Affect search results by boosting certain attributes. Show items that are statistically more relevant to the context at the top of the results page.

Since you have looked at several products in our “fresh produce” department, for your following search for “tomato”, we’ll show you items belonging to this category first in the search results.


Now that it’s clear what sessions are, let’s take a look at the techniques we use to contextualize them and apply them to the use cases we laid out.

Query Graphs

Query graphs analyze sequences of search terms that were used in sessions, then add them up and connect them as nodes in graphs. We measure the quantity and performance of the searches, which give us the weights of the connections.

We use query graphs for search recommendations like Next Queries and Related Tags. Speaking of recommendations, this post on Graph Modeling is a great read that goes more in-depth on this topic!

Example of a query graph

This technique provides contextualization using the latest search events in the shopper’s current session.

Frequent Pattern Mining

Frequent pattern mining analyzes the attributes of events from sessions, and then finds the most common, relevant patterns. A pattern comes in the form of sequences, e.g., A → B → C

We then consider the sequence a rule. Antecedent: A → B, Consequence: C

If the shopper’s current session matches the antecedent pattern A → B, then we derive that C may be a relevant suggestion for their next action.

Example of a "Frequent Pattern Mining" rule
Here, the shopper has already added some products from the “barbecue” section to their cart, and now they are searching for “tomato”. Product 19 (ketchup) will be boosted based on the context, so that it appears in the first position of the results shown to the shopper.

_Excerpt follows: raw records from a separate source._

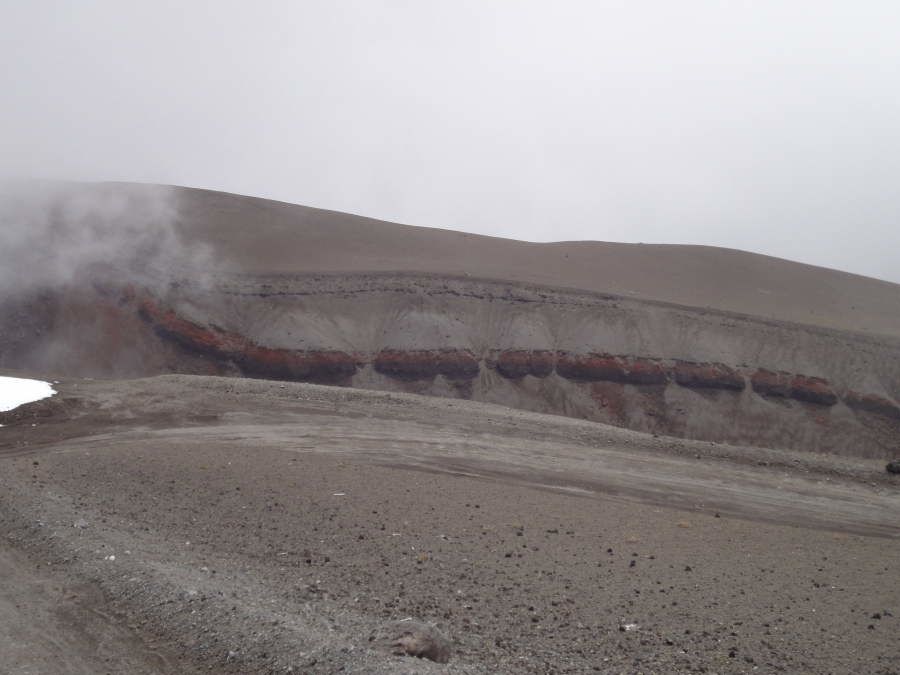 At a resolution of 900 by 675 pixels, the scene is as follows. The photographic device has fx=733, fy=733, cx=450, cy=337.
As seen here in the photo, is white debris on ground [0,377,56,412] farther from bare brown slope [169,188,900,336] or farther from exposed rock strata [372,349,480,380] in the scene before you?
bare brown slope [169,188,900,336]

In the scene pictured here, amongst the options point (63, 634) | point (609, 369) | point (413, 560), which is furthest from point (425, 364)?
point (63, 634)

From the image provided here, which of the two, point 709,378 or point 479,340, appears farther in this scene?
point 479,340

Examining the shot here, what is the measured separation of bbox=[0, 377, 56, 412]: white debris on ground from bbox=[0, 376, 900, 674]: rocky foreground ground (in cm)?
103

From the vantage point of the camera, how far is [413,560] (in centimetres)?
915

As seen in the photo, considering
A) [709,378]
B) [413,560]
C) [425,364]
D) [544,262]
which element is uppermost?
Result: [544,262]

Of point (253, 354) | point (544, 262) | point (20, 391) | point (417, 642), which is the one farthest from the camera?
point (544, 262)

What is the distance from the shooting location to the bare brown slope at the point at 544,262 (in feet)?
149

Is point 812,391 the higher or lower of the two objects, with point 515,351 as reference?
higher

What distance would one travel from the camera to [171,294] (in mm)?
37438

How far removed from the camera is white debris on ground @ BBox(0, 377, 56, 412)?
1970 cm

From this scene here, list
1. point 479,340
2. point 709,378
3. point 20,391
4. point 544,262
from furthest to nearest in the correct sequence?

We apply frequent pattern mining in two ways: ordered and unordered.

Prefix-Span (ordered):

This algorithm preserves the order of the events in the original sessions to generate patterns. This becomes relevant in understanding a search event followed by an interaction with a product as a cause-effect relationship.

FP-Growth (unordered):

This algorithm doesn’t look at the order of events when generating patterns. This may seem like a limitation but it works perfectly when learning about items that are usually bought together or items that are similar. In those use cases, the order doesn’t matter much.


Clustering is a technique that divides the sessions into buckets, based on their similarity. For each cluster, we have a representative session that is a mixture of all the sessions that were aggregated to it.

We can analyze a shopper’s current session and match it with the most similar representative. Then, we can use that information to make suggestions. For example, if a session matches 87% to cluster K1 and only 5% to cluster K2, the shopper would be shown items that were bought in sessions similar to K1.

We can also use clustering combined with the other techniques to divide the scope of rules into several independent spaces. That way, the ruleset selected matches that of the representative used.


What you would expect from a physical store is respect, common sense and empathy. That’s exactly what our session contextualization approach allows ecommerce stores to offer their customers.

We design our systems to behave the way we would like to be treated: respectfully. Session contextualization helps shoppers find what they are looking for, without the use of tracking or personal data. By implementing techniques that are non-invasive, businesses have the ability to recommend products, searches, and sort results to provide a user experience that shoppers can trust.